Unlike skin conditions such as eczema, which tends to be patchy and come and go with time, in ichthyosis the scaling is present throughout life and usually affects the whole body. Ichthyosis sufferers can face harassment, discrimination and uncomfortable symptoms that are often only relieved by time-consuming treatments – all of which can have a marked impact on mental health.
Researchers know that genetic ichthyosis can be caused by changes in DNA that affect skin cells, but little is known about how such DNA changes cause the skin to become scaly and inflamed. In some cases, skin cells are formed at a faster rate than they are needed, and they pile up on the skin surface, thickening the skin. In other forms, the cells are produced at the normal rate but instead of brushing off when they reach the surface, they cannot become detached from the cells beneath them and so they build up in layers (https://www.ichthyosis.org.uk/).
Working with Professor Muzlifah Haniffa from Newcastle University and the Wellcome Sanger Institute, and Professor Edel O'Toole from Queen Mary University of London, Dr Rajan will study how skin cells in patients with severe types of ichthyosis are different from normal skin cells, and why the protective barrier in the skin is weakened. He wants to study how the immune system reacts to this weakness in the skin barrier, looking at these differences across different layers of the skin.
The researchers hope that by doing this, they will be able to find changes in the skin of patients with ichthyosis that could potentially be improved by new treatments. To test potential treatments, they will grow skin cells in the lab, which will allow them to see if such drugs are able to 'treat' ichthyosis in the lab.

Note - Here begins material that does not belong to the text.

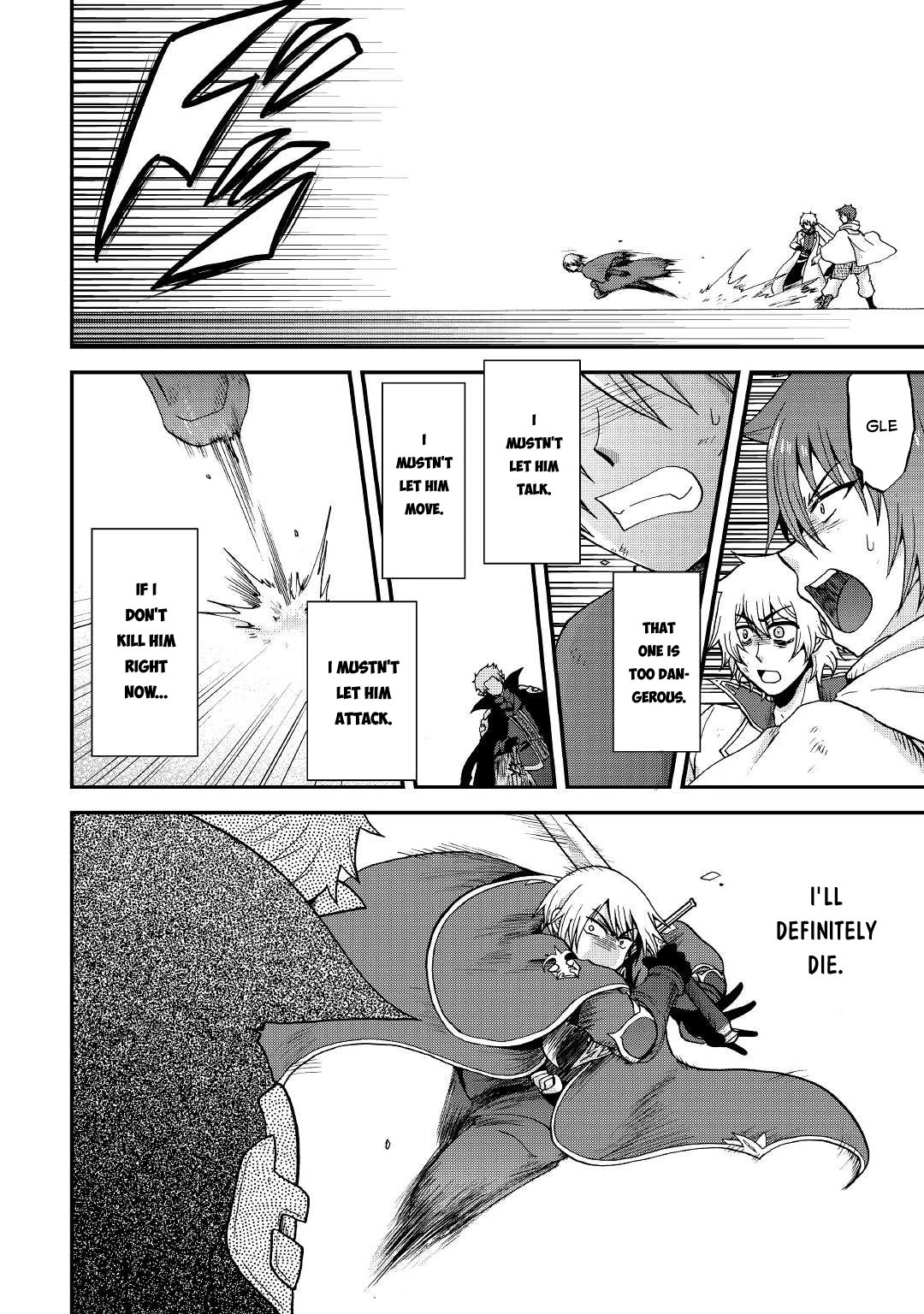 Previous Life was Sword Emperor. This Life is Trash Prince. chapter 19 page 25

Dr Rajan said: "Adolescence is a time of self-consciousness, self-doubt and exaggerated concern with appearance and physical attractiveness – all of which can make ichthyosis an especially painful experience for teenagers. By studying skin samples taken from ichthyosis patients, we're hoping to reveal more about the genetics underpinning the condition, which is needed in order to develop much-needed new treatments for adolescents with ichthyosis."
Co-investigator, Professor Edel O'Toole from Queen Mary University of London, is an expert on ichthyosis and is Chair of the Medical Advisory Board of the Ichthyosis Support Group. Professor O'Toole said: "Young people with severe ichthyosis really suffer and I hope this research will provide new insights which will lead to advances in treatment."